Kepala Dispendukcapil Kota Surabaya Eddy Christijanto menyebut sistem tersebut terhubung langsung dengan dashboard Pengadilan Agama. Melalui integrasi itu, petugas dapat memantau data SIAK secara otomatis dan memberi notifikasi bila ada warga yang masih menunggak kewajiban setelah putusan cerai.
Cara kerja sistem pengawasan
Pemkot Surabaya tidak menerapkan pemblokiran penuh pada layanan kependudukan. Sistem hanya menampilkan notice saat ada pemohon yang belum menjalankan kewajiban sesuai amar putusan Pengadilan Agama.
Berikut alur sederhananya:
- Data putusan PA masuk ke sistem yang terhubung dengan layanan adminduk.
- Petugas memeriksa status kewajiban melalui dashboard yang terintegrasi.
- Bila ada tunggakan, layanan E-Kitir menampilkan pemberitahuan penundaan.
- Pemohon harus melapor ke Pengadilan Agama untuk menyelesaikan kewajiban.
- Setelah pembayaran tuntas, sistem akan terbuka kembali secara otomatis.
Eddy menjelaskan bahwa notifikasi itu akan memuat keterangan bahwa pemohon belum memenuhi kewajiban berdasarkan putusan Pengadilan Agama dengan nomor perkara tertentu.

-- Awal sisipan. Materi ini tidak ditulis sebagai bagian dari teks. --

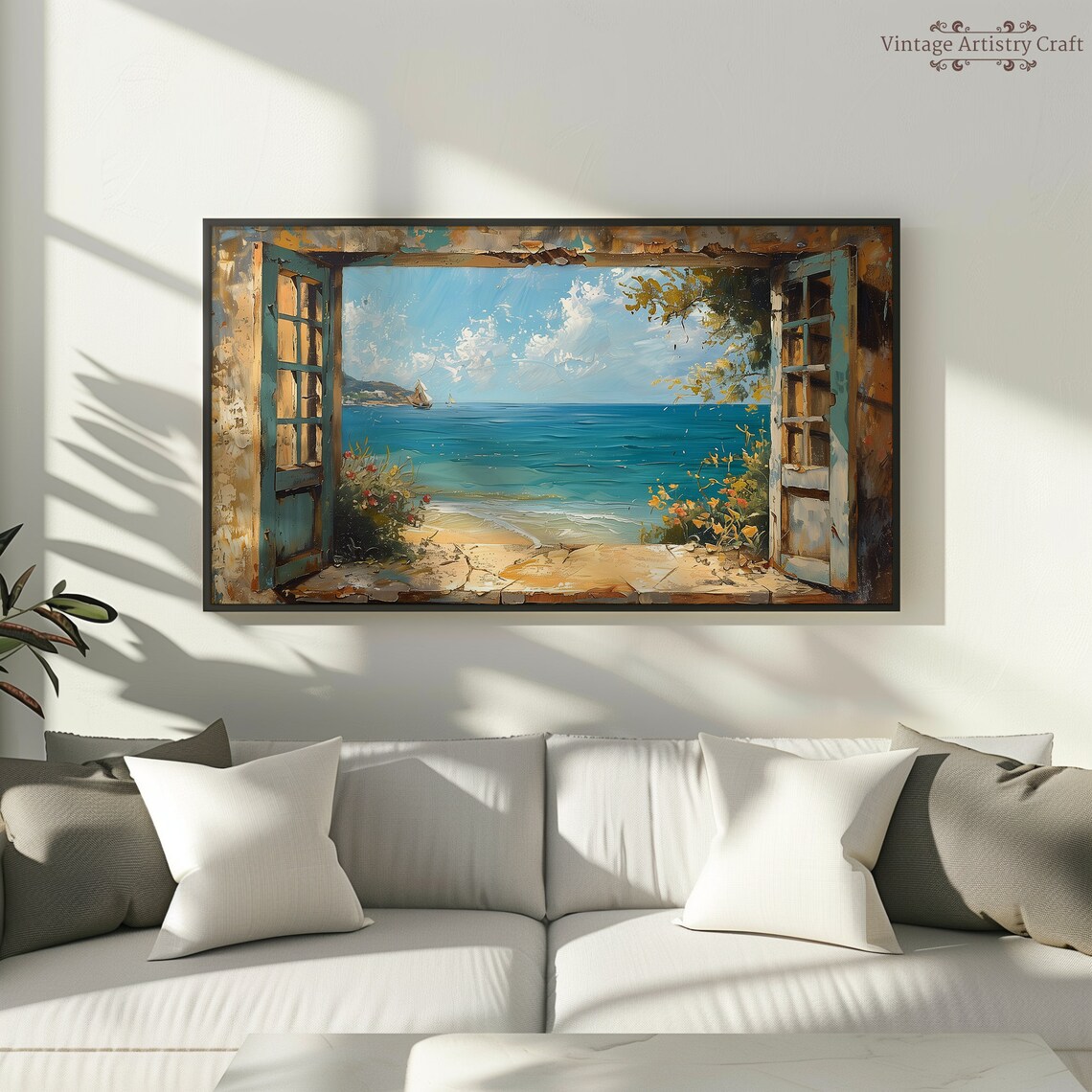 Open Doors to the Sea Vintage Coastal Window Seascape Oil Poster - Image 8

Mekanisme ini dirancang agar tanggung jawab pascaperceraian benar-benar dijalankan sebelum layanan administrasi kependudukan diproses.
Banyak perkara nafkah belum dipenuhi
Pemkot Surabaya mengambil langkah ini karena masih banyak kasus mantan suami yang belum memenuhi hak mantan istri dan anak-anak. Data terbaru menunjukkan tingkat ketidakpatuhan terhadap putusan pengadilan masih tinggi pada sejumlah jenis kewajiban nafkah.

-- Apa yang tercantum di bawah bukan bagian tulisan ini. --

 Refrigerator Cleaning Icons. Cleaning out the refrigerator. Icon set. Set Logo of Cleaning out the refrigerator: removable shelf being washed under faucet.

Rinciannya sebagai berikut:
| Jenis kewajiban | Tunggakan | Selesai |
|---|---|---|
| Nafkah anak | 4.701 perkara | 1.513 perkara |
| Nafkah iddah | 5.161 perkara | 2.085 perkara |
| Nafkah mut’ah | 6.665 perkara | 3.180 perkara |
Dari data itu, nafkah mut’ah menjadi kategori dengan jumlah tunggakan tertinggi di Surabaya. Sementara itu, total pengawasan yang masuk mencapai 10.959 data, dan 7.642 subjek di antaranya telah mendapat notifikasi bahwa layanan adminduk tidak dapat diberikan sampai tanggung jawab mereka selesai.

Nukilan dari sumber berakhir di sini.